The decline in small-cap stocks relative to their larger brethren has been pretty dramatic recently, and it's a topic we've posted on before. But what does it mean for the market as a whole? We think some context is necessary before evaluating how harmful the big losses in smaller cap stocks and internet firms is for market psychology as a whole.
Below is a table showing the market cap for several major indices. The Russell 1000 index tracks large-cap stocks similar to the S&P 500, while the Russell 2000 index is focused on smaller firms. The Nasdaq Composite is also weighted to smaller firms, while the Nasdaq Internet Index is diverse in terms of the size of companies but weighted heavily toward the type of firm that has been smoked in the recent pain trading for momentum stocks.
As shown below, the 1,000 stocks in the Russell 1,000 make up about $20 trillion in market cap, while the 2,000 stocks in the Russell 2,000 make up just $2 trillion in market cap. From their peaks, the Russell 1,000 has lost $265 billion in market cap while the Russell 2,000 has lost $155 billion in market cap. While these drops in market cap are pretty similar, in percentage terms, they're very different. The Russell 1,000's drop in market cap is just 1.3%, while the Russell 2,000's drop in market cap is 7.4%.

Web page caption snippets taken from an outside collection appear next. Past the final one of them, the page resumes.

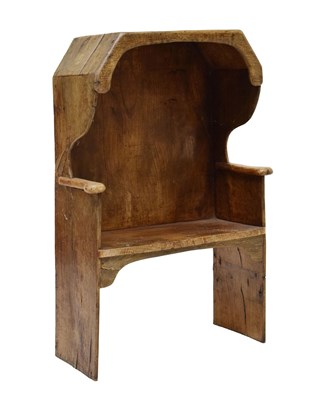 Lot 468 - Child's primitive elm, oak and sycamore canopy-back settle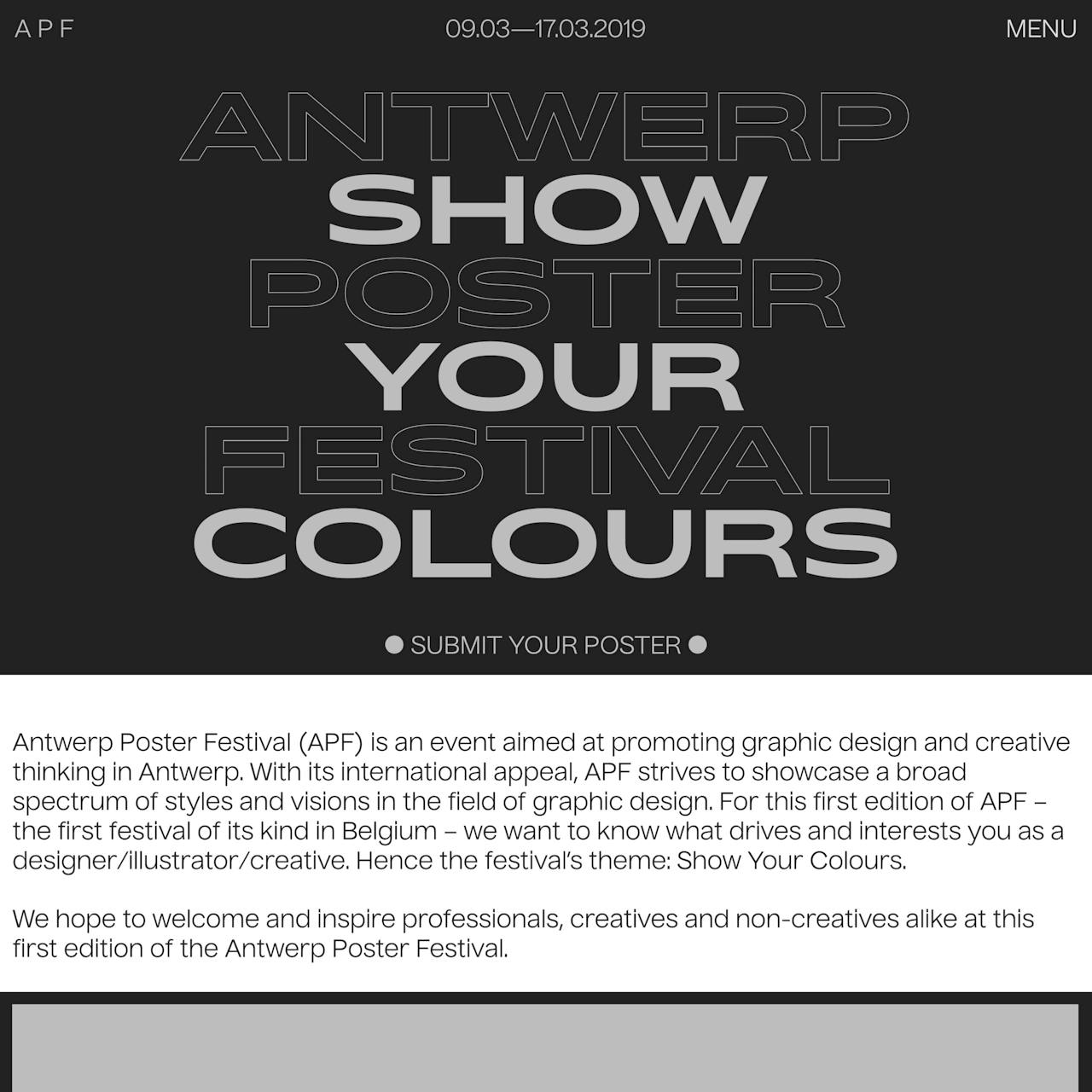 Antwerp Poster Festival Website Screenshot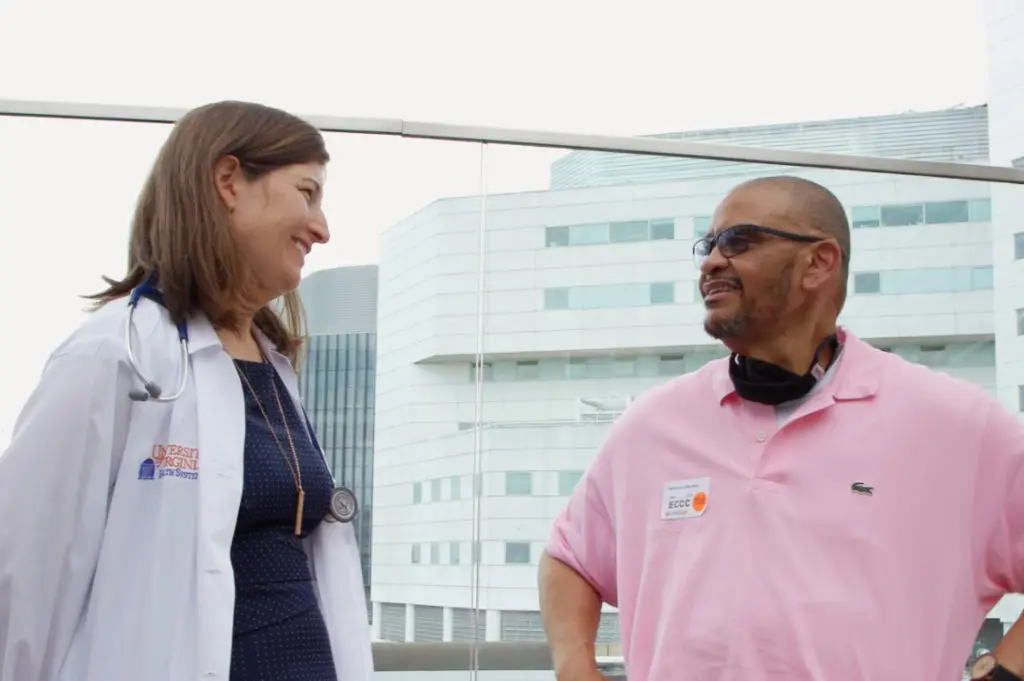 Charley with his nurse practitioner, Reagan Thompson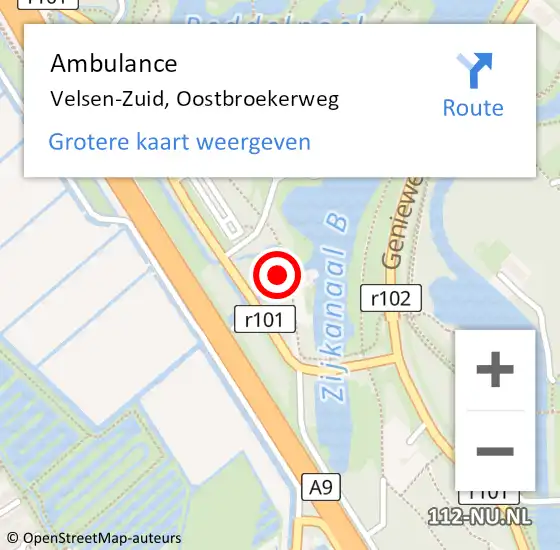 Locatie op kaart van de 112 melding: Ambulance Velsen-Zuid, Oostbroekerweg op 7 augustus 2023 16:05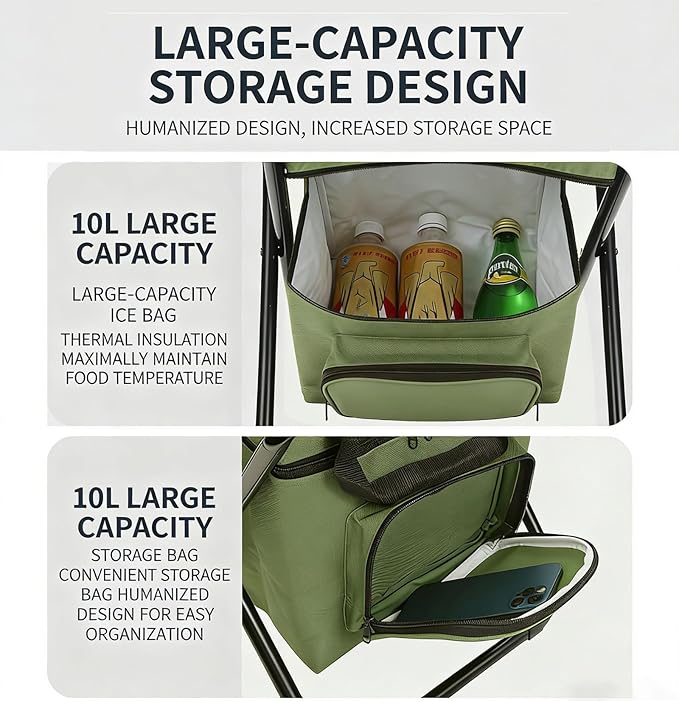 Foldable Fishing Chair with Cooler Bag Compact Fishing Stool Portable Backrest Stool with Backrest for Finishing Travel Camping Hunting Hiking (Olive Green)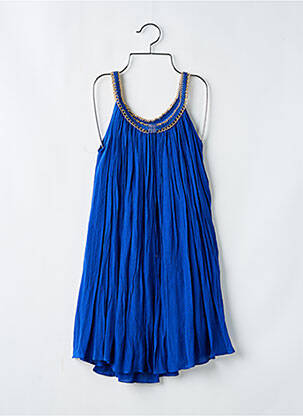 Robe courte coupe évasée fines bretelles bleu SUNCOO femme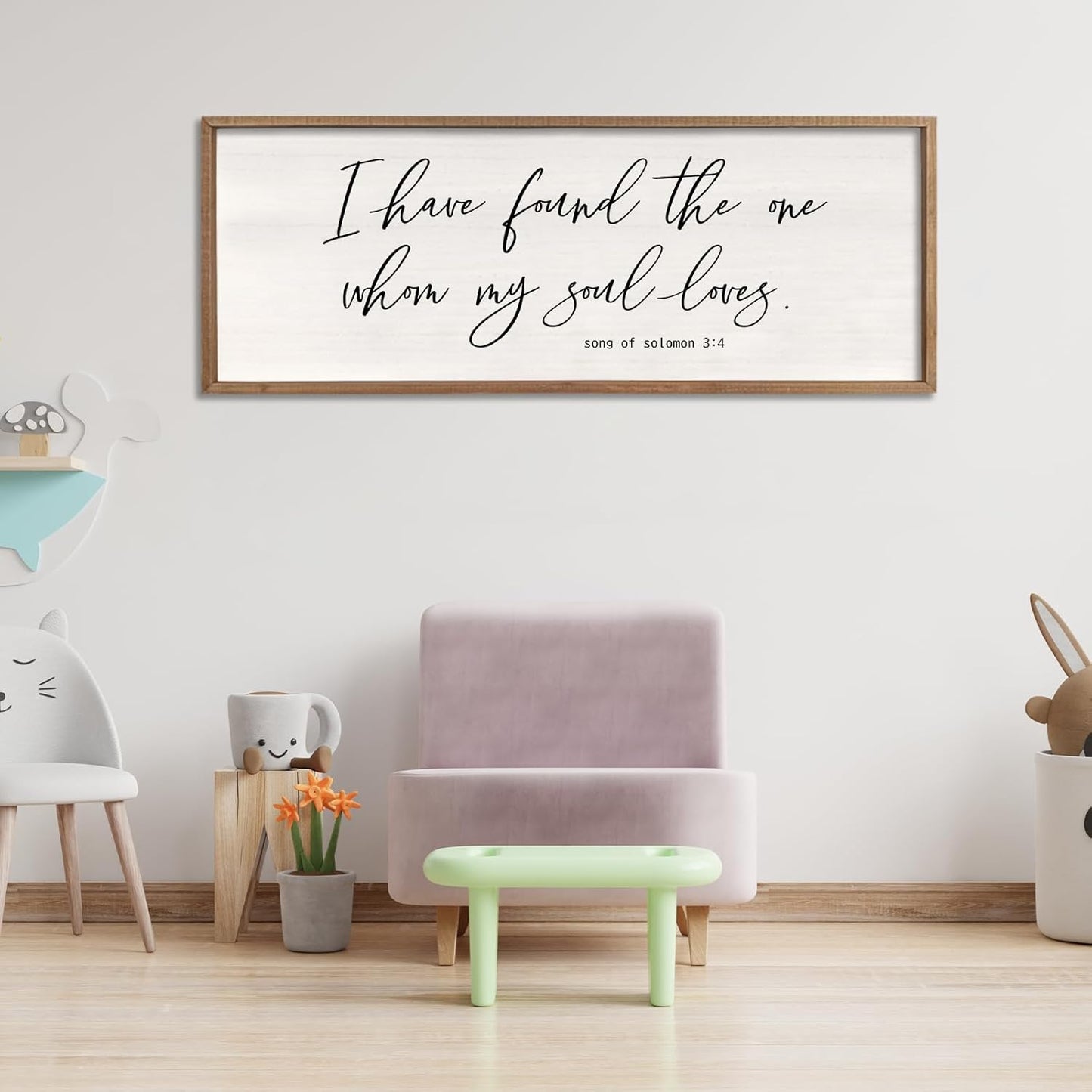 I Have Found The One Whom My Soul Loves Sign Wall Art Decor 32"x12" Modren Master Bedroom Above Bed Wood Framed Song of Solomon 3:4 Large Living Room Bible Verse Wall Hanging (Wood)
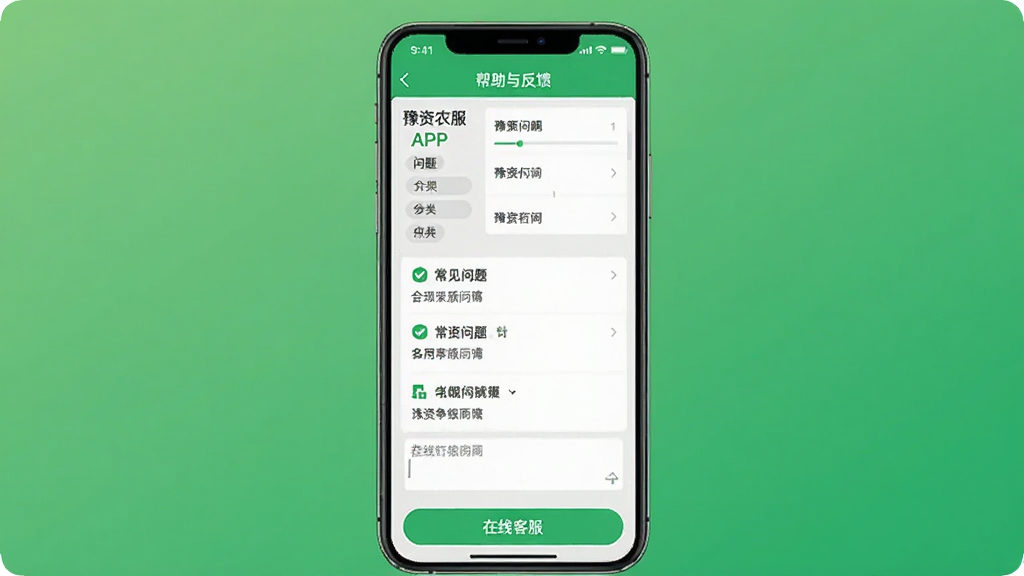 画面主体为一部智能手机,屏幕显示“豫资农服”APP的“帮助与反馈”界面,下方有常见问题列表和在线客服按钮。布局为直立手机居中,背景为简洁的渐变绿色。风格为扁平化UI设计,细节包括问题分类和输入框,画质干净,无多余元素。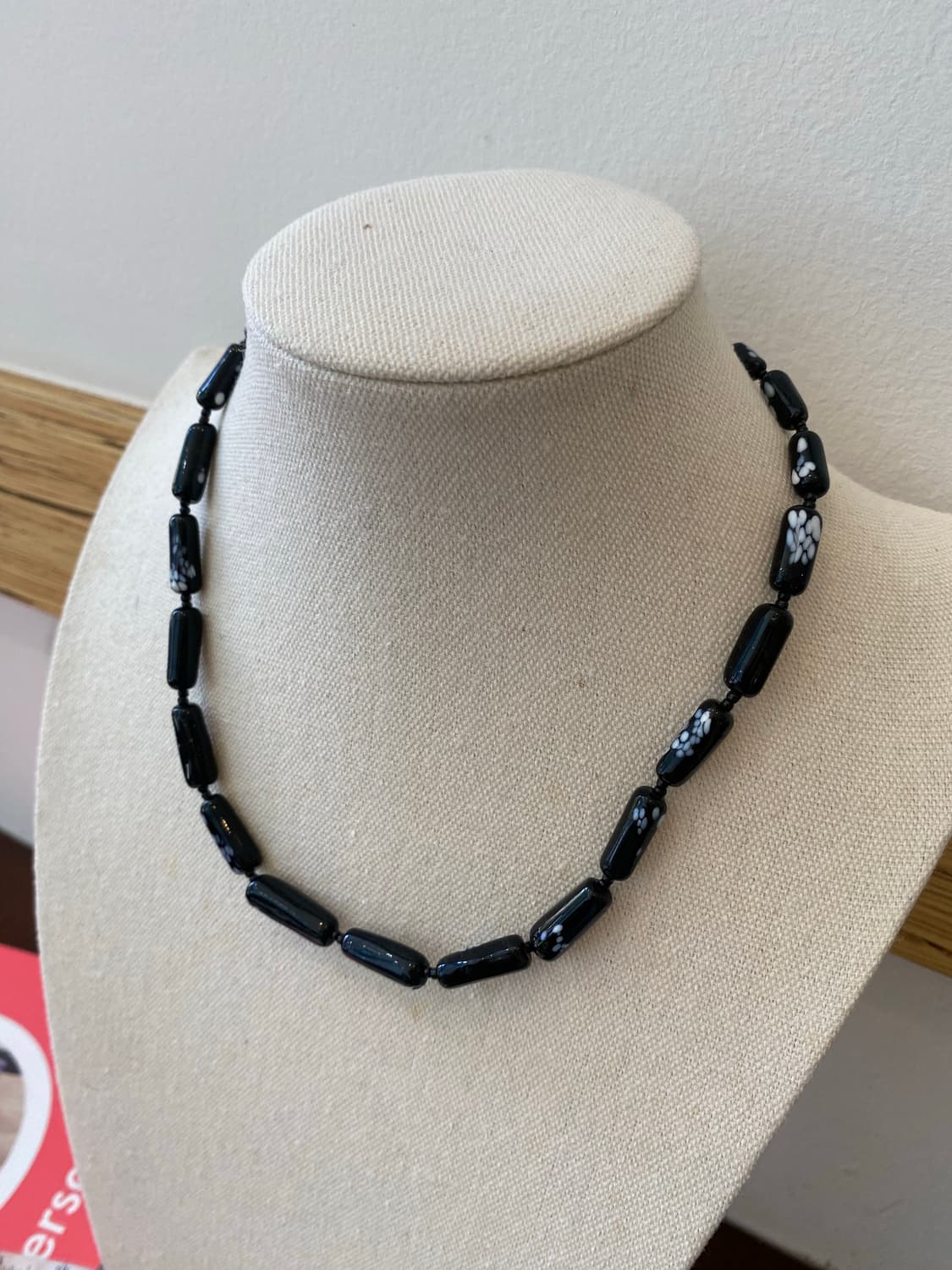 빈티지 블랙 플라워 비즈 목걸이 상품이미지3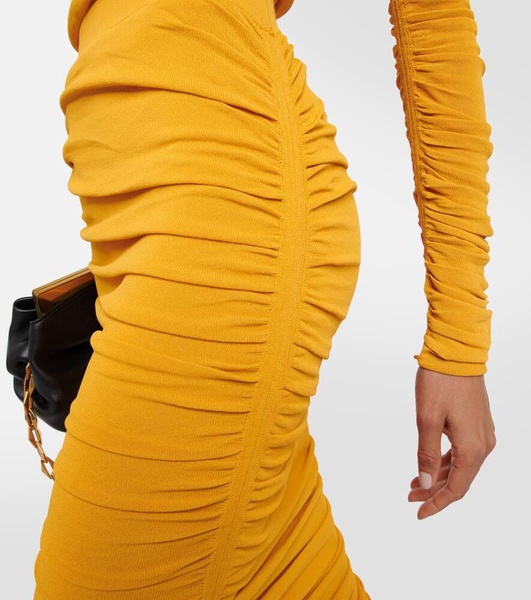 Chukwu ruched jersey midi skirt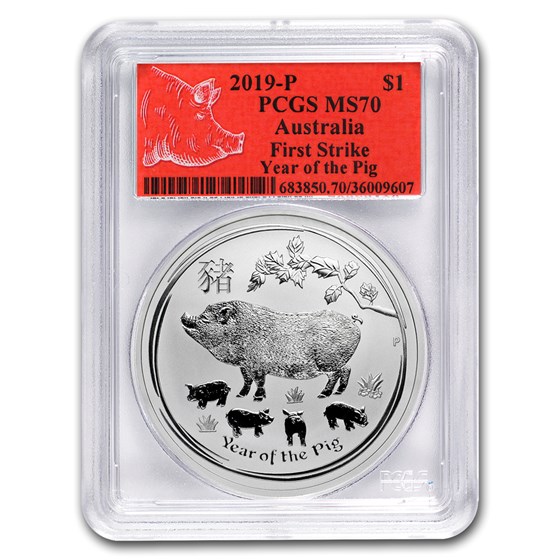 2019 Australia 1 oz Silver Lunar Pig MS-70 PCGS (FS, Red Label) 2019 Australia 1 oz Silver Lunar Pig MS-70 PCGS (FS, Red Label)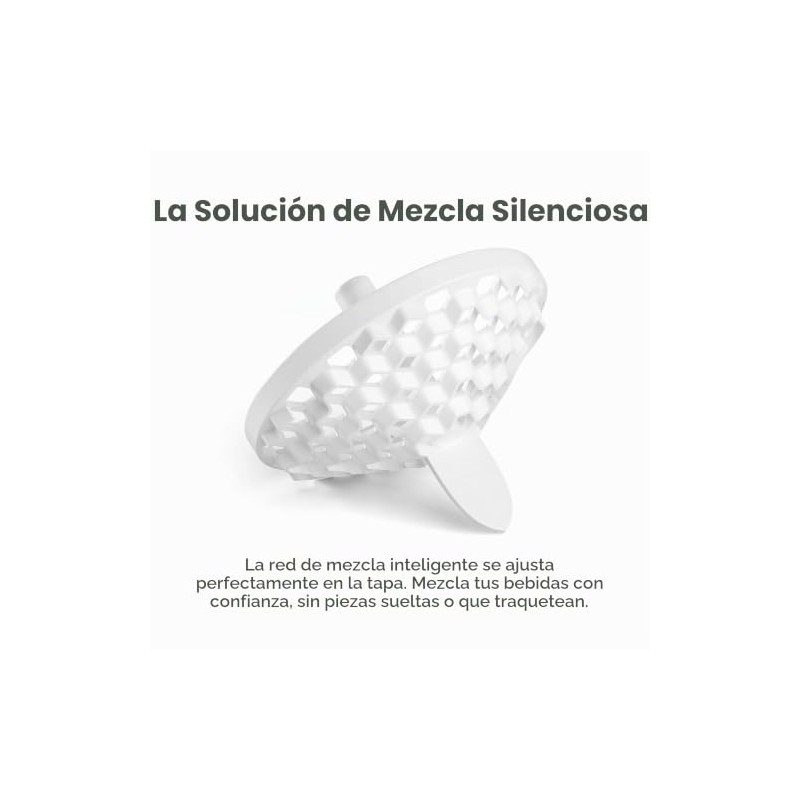 SmartShake Reforce Blanco Botella Mezcladora de Acero Inoxidable 900 ml,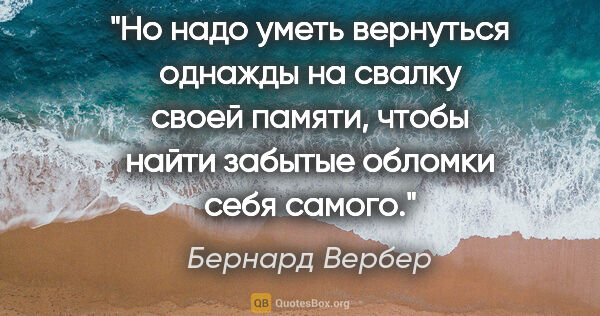 Бернард Вербер цитата: "Но надо уметь вернуться однажды на свалку своей памяти, чтобы..."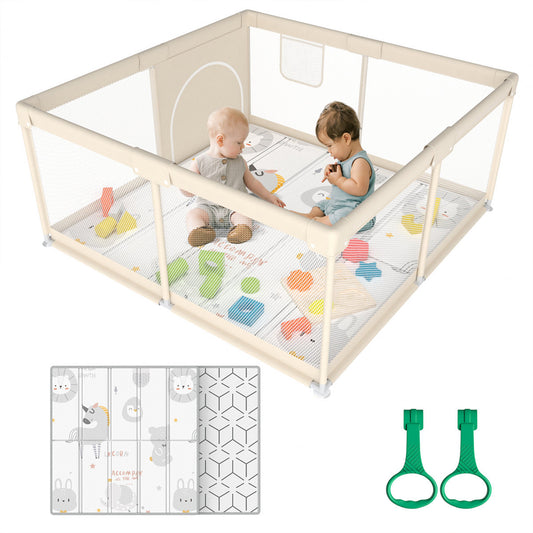 PUPWER Baby Playpen with Mat, 50 x 50inch Playpen, Playpen for Babies and Toddlers, Small Baby Play Pens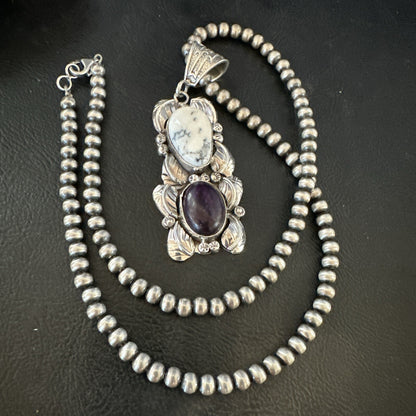 Navajo Sterling Silver White Buffalo Turquoise  Purple Stone Pendant 18035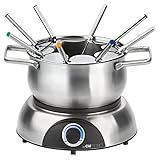 Clatronic® Fondue-Set | Fonduetopf aus Edelstahl (Ø 18,5 cm) | bis zu 1,2 Liter | Heizsockel aus Edelstahl | Thermostat (beleuchtet) | 8 Edelstahl Fonduegabeln | Gabelhalter (abnehmbar) | FD 3783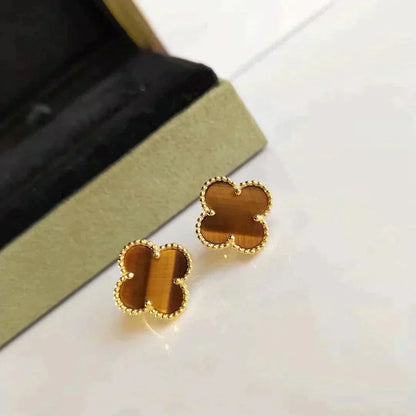 ¡®AuraJewelry¡¯CLOVER MEDIUM 1 MOTIFS TIGER EYE EARRINGS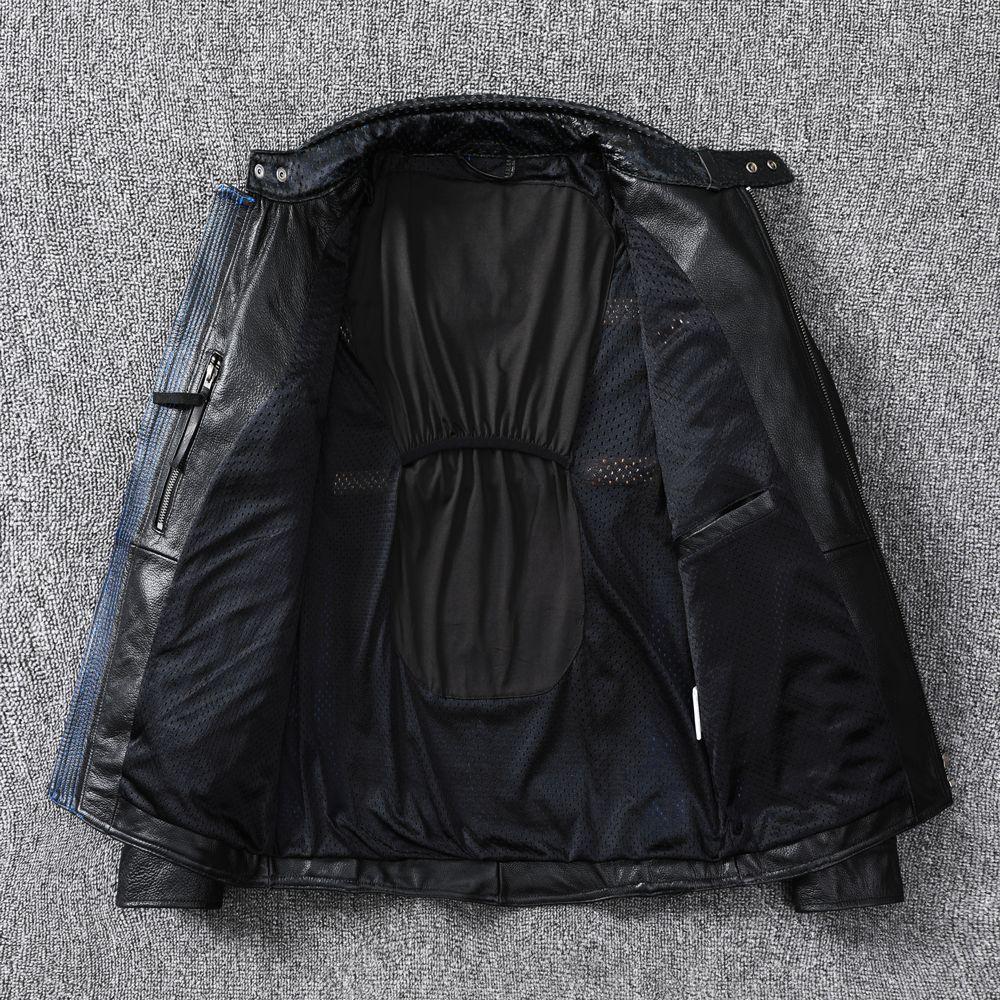 Genuine Leather Leather Jacket for Men's Head Layer Cowhide Motorcycle Leather Jacket for Additional Protective Gear Motorcycle Leather Jacket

The bubble chart below shows the same information in a different presentation. The horizontal axis shows the decline in terms of dollars since the peak of each index, while the vertical axis measures percentage declines. Bubble size is the market cap of each index at their peak. Despite being the worst and third-worst performers in percentage terms, the Internet stocks and Russell 2000 are off by the least in dollar terms. Meanwhile large cap indices that are only down modestly from recent highs are bigger losers.
Our point here is that huge percentage declines aren't always a threat to the market as a whole. Another important factor is the total size of the decline. Putting that in context helps explain why outsized percentage declines in go-go momentum stocks or speculative internet plays haven't spilled over to similarly painful percentage drops in large cap stocks... the large caps are just too big relative to small caps for the pain trade to be the most dominant factor in their performance.